We arrived in the bustling little town of Palenque after a five-hour bus ride that wove us through the mountains of north-eastern Chiapas. Ear phones in, listening to a killer playlist that included Billy Bragg’s ‘Californian Stars’ on repeat, I was calm and relaxed despite the narrow and curvy roads we bounced over, exited to be on another adventure in an as yet unexplored land. After almost 10 months of continuous travel, on a variety of vehicles of questionable road-worthiness, my first Mexican bus was among the most comfortable I’d experienced.
Or maybe I’d just learned to have a little faith, let go and enjoy the journey.
We cabbed it from town to the jungle-village of El Panchan, just outside the entrance to the national park where the ancient ruins are located. We don’t own a Lonely Planet, though I do have a few old PDF files on my computer, which I happened to locate too late to be of much use, and anyway, they were out of date. Tyrhone isn’t much of a travel planner (his journey through China sans me is a testament to this), and yet, if I get stuck on something, he has a gift of being able to find a place to stay at the last minute, after I have exhausted all my key-word combinations on Google.

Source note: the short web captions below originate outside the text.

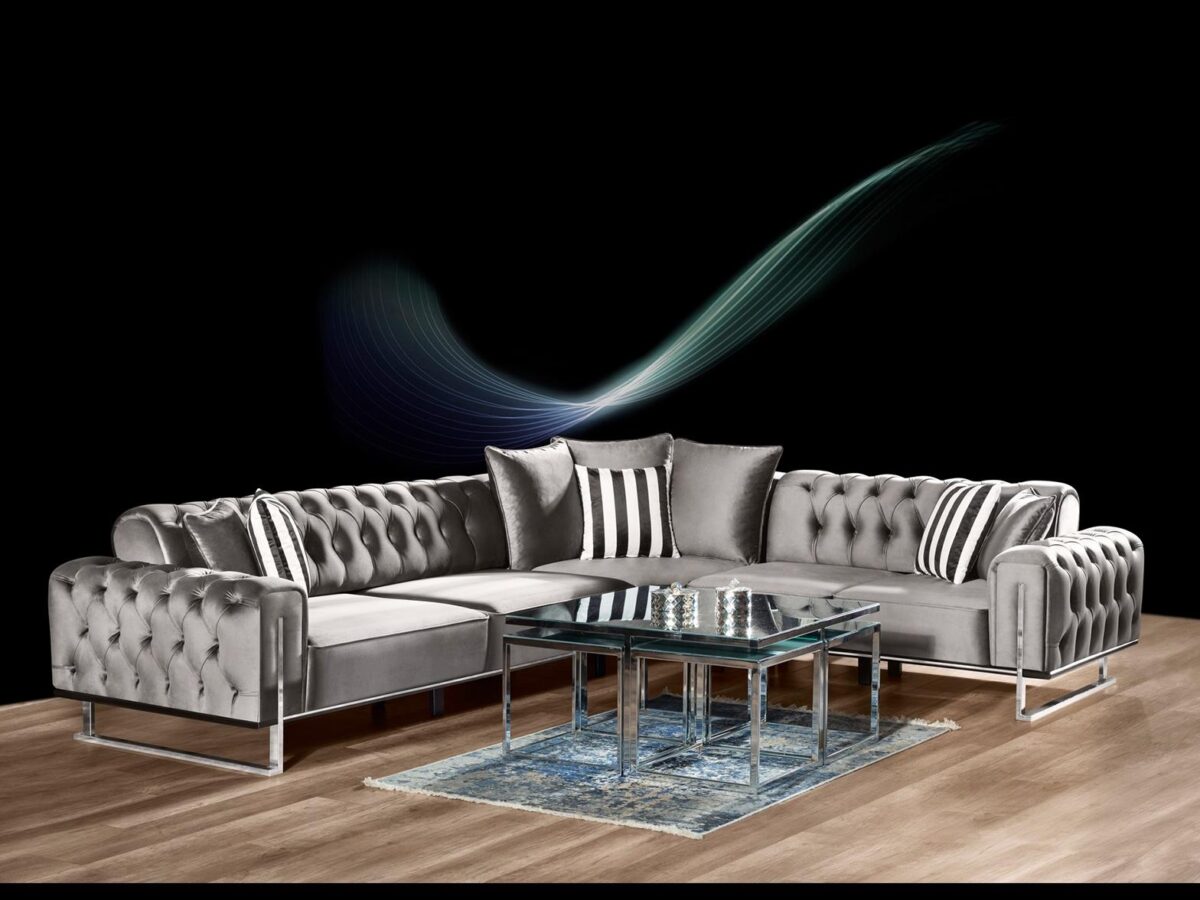 Lucas Ecksofa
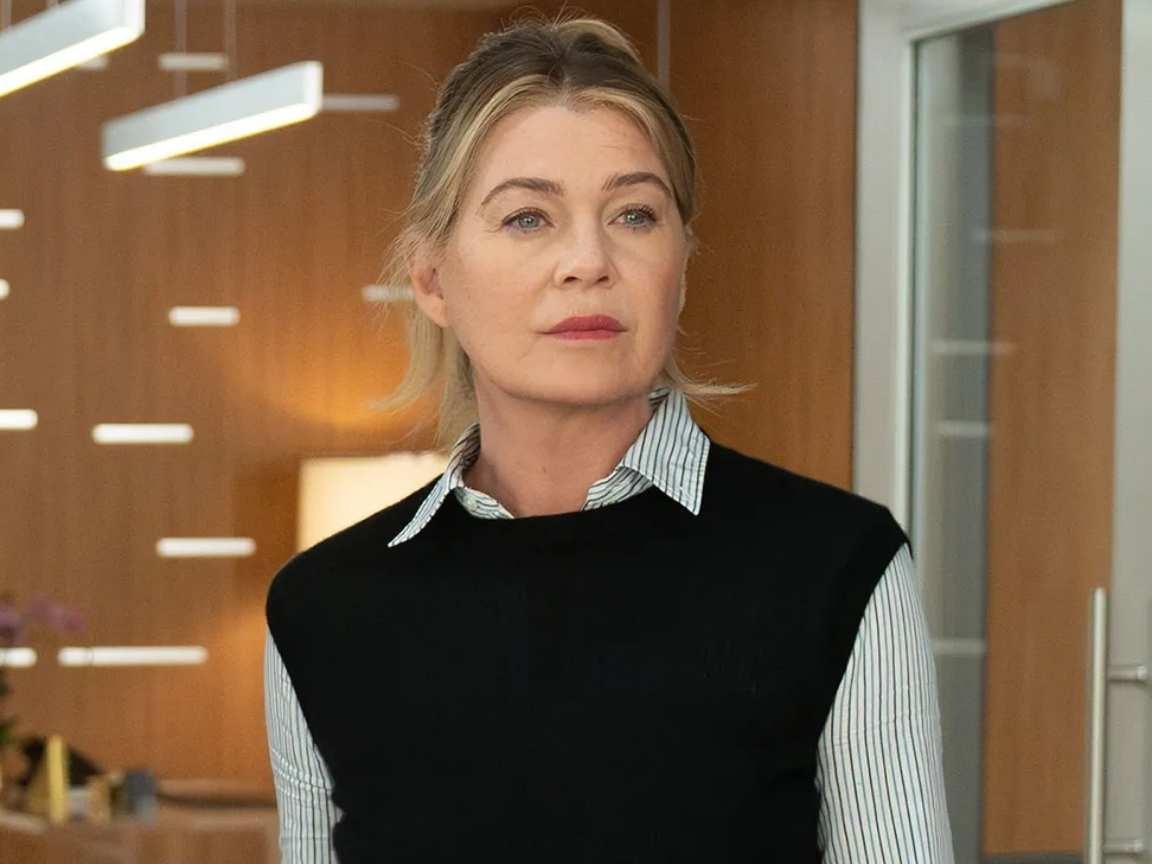 Ellen Pompeo afirma que não pretende abandonar 'Grey’s Anatomy' e defende permanência na série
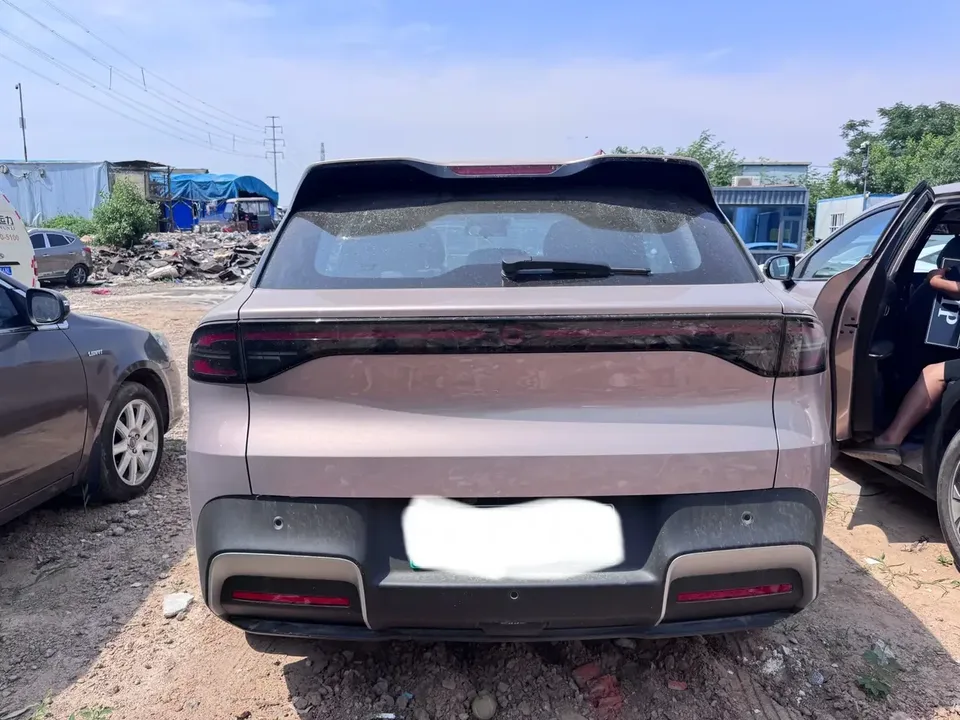 Changan Qiyuan Q05 Changan Qiyuan Q05 2026 506 Max+ 2025 — thumbnail 2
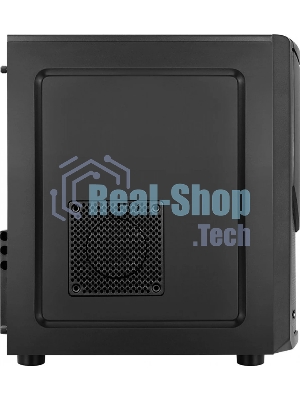 Корпус Aerocool/Formula TOMAHAWK, ATX, без БП, 202x440.5x399мм (ШxГxВ), USB2.0 x2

And so it was that we arrived at Margarita and Ed’s. With no website or online booking system to speak of combined with our evening arrival, we hoped they would have a room available. Thankfully they did, or should I say, she did; Ed is unfortunately no longer with us. We found that out later of course; when we arrived Margarita was far too busy personally seeing weary backpackers to their rooms to go into too much detail.
She did, however, show us to a spotlessly clean, huge room at the back of the property, and we were overjoyed that despite being in the jungle we didn’t have to be, well, in the jungle. I’ll listen to the howler monkeys from the comfortable confines of a fan-cooled, concrete and tiled, bug-free suite, thanks very much.
After a lovely candle-lit dinner at the main restaurant, Don Muchos, we had a relatively early night in preparation for our morning expedition to the ancient ruins.
Of course this is a gross exaggeration; a 10 peso collectivo ride to the entrance gate does not an expedition make, and whilst part of me envies the explorers and archaeologists that uncovered the ancient crumbling Mayan city in the mid-century, another part is also extremely grateful that I can tick it off my list of ‘World Heritage Sites I’ve Seen’ in a morning.
Ah, how the definition of ‘adventure’ has changed over the years!
Walking over and around the ancient, jungle-clad structures whilst eves-dropping on the English-speaking guides, I was, for a minute, able to imagine the lost Mayan civilization of Kings, slaves and human sacrifices.
Apparently, appeasing the Gods was of the utmost priority to the rulers of Palenque, and absolutely every act of war, offering and sacrifice was made to ensure the creators of life continued giving it. Gods were feared and obeyed through complex rituals and ceremonies, with stories of creation and destruction passed down through the generations.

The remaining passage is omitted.